Defining Operations Management

Defining Operations

Description

Operations management is a broad topic in management theory, with whole programs dedicated to it in both business and engineering schools. Companies frequently hire a Chief Operating Officer (COO) to run the organization. We started to cover operations management in Work Management where we examined the topic of “work management” – in traditional operations management, the question of work and who is doing it is critical. For the Digital Practitioner, “operations” tends to have a more technical meaning than the classic business definition, being focused on the immediate questions of systems integrity, availability and performance, and feedback from the user community (i.e., the service or help desk). We see such a definition from Limoncelli et al.: “… operations is the work done to keep a system running in a way that meets or exceeds operating parameters specified by a Service-Level Agreement (SLA). Operations includes all aspects of a service’s lifecycle: from initial launch to the final decommissioning and everything in between” [Limoncelli et al. 2014].

Operations often can mean “everything but development” in a digital context. In the classic model, developers built systems and “threw them over the wall” to operations. Each side had specialized processes and technology supporting their particular concerns. However, recall our discussion of design thinking – the entire experience is part of the product. This applies to both those consuming it as well as running it. Companies undergoing Digital Transformation are experimenting with many different models, as we will see in Context III, up to and including the complete merging of development and operations-oriented skills under common product management.

In a digitally transformed enterprise, operations is part of the product.
dual axis value chain
Figure 1. Operations Supports the Digital Moment of Truth

Since this document has a somewhat broader point of view covering all of digital management, it uses the following definition of operations:

Operations is the direct facilitation and support of the digital value experience. It tends to be less variable, more repeatable, yet more interrupt-driven than product development work. It is more about restoring a system to a known state, and less about creating new functionality.

What do we mean by this? In terms of our dual-axis value chain, operations supports the day-to-day delivery of the digital “moment of truth”; see Operations Supports the Digital Moment of Truth.

The following are examples of “operations” in an IT context. Some are relevant to a “two pizza product team” scenario and some might be more applicable to larger environments:

  • Systems operators are sitting in 24x7 operations centers, monitoring system status and responding to alerts

  • Help desk representatives answering phone calls from users requiring support

    • They may be calling because a system or service they need is malfunctioning

      They may also be calling because they do not understand how to use the system for the value experience they have been led to expect from it.
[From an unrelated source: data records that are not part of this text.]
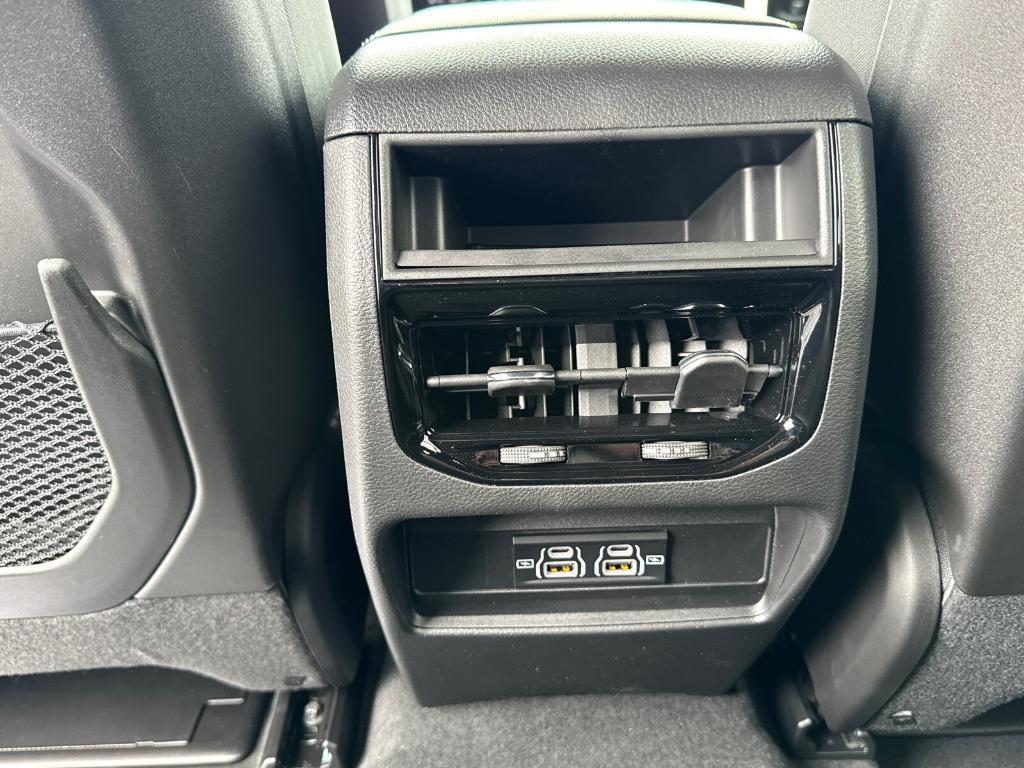new 2025 Jeep Grand Cherokee car, priced at $31,988
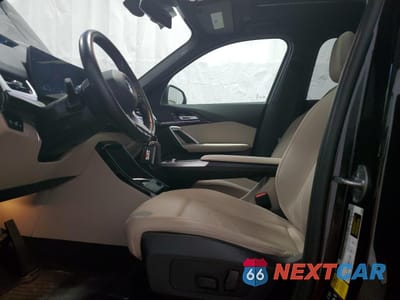 Zdjęcie 7 z 13 samochodu: 2023 BMW X1 XDRIVE28I VIN:WBX73EF04P5X46896 - miniatura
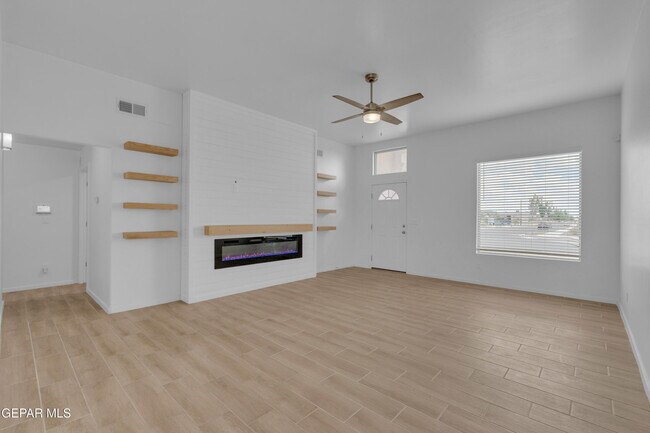 Building Photo - 13095 Emerald Hls Ave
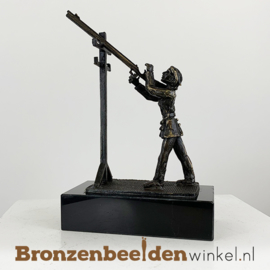 Beeldje "De schutterskoningin" BBW002br04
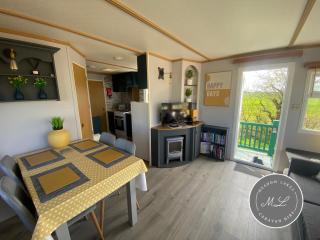 Heron’s Mead - Caravan Park & Fishing Lake - Skegness - Lincolnshire - 0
Again, this is part of their product experience.

  • Developers and engineers serving “on call” on a rotating basis to respond to systems outages referred to them by the operations center

  • Data center staff performing routine work, such as installing hardware, granting access, or running or testing backups; such routine work may be scheduled, or it may be on request (e.g., ticketed)

  • Field technicians physically dispatched to a campus or remote site to evaluate and if necessary update or fix IT hardware and/or software – install a new PC, fix a printer, service a cell tower antenna

  • Security personnel ensuring security protocols are followed; e.g., access controls

As above, the primary thing that operations does not do is develop new systems functionality. Operations is process-driven and systematic and tends to be interrupt-driven, whereas R&D fails the “systematic” part of the definition (review the definitions in process, product, and project management). However, new functionality usually has operational impacts. In manufacturing and other traditional industries, product development was a minority of work, while operations was where the bulk of work happened. Yet when an operational task involving information becomes well-defined and repetitive, it can be automated with a computer.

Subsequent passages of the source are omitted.